Exercise |
Reproduce the listing exactly. Omit pictures.

Recorded data |
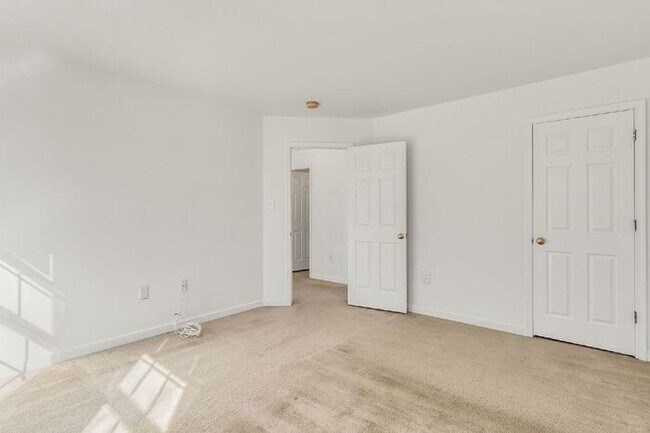 Building Photo - Spacious 5 Bedroom Home with 3rd Floor Suite, Fenced Yard & Community Amenities – $3,500/mo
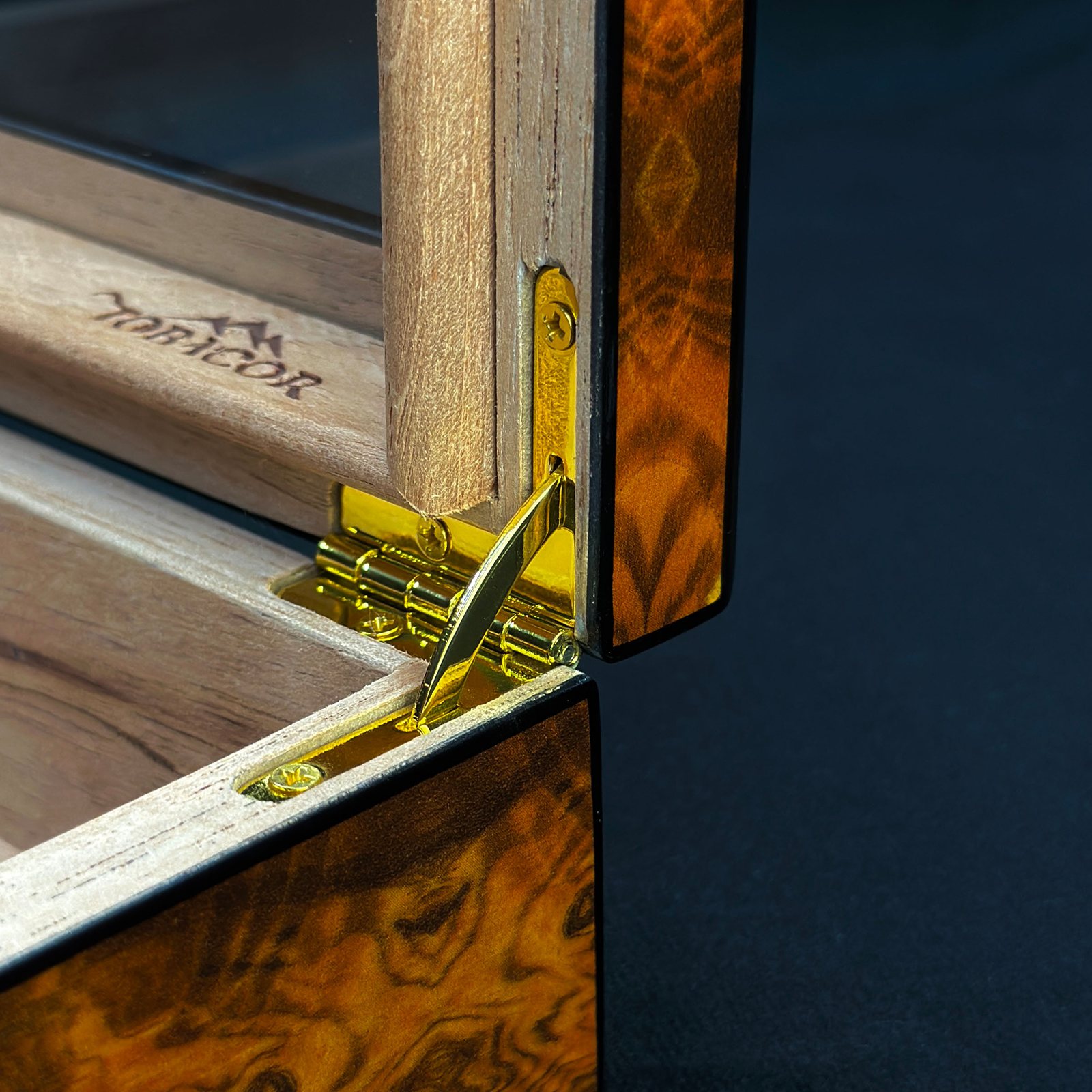 Goldenes Scharnier Detail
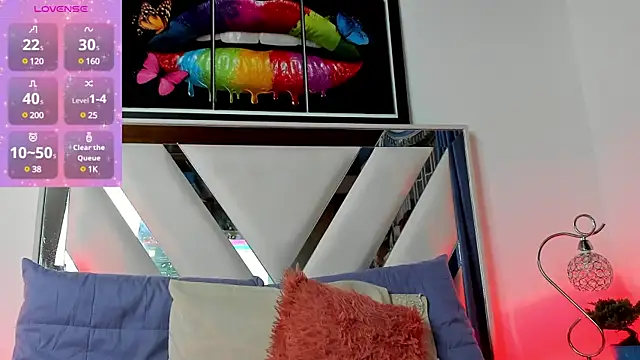 Snapshot of Katti_Barrera chatting on December 2, 10:49 am Katti Barrera online show from December 2, 10:49 am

Task response |
 Building Photo - Spacious 5 Bedroom Home with 3rd Floor Suite, Fenced Yard & Community Amenities – $3,500/mo
 Goldenes Scharnier Detail
 Snapshot of Katti_Barrera chatting on December 2, 10:49 am Katti Barrera online show from December 2, 10:49 am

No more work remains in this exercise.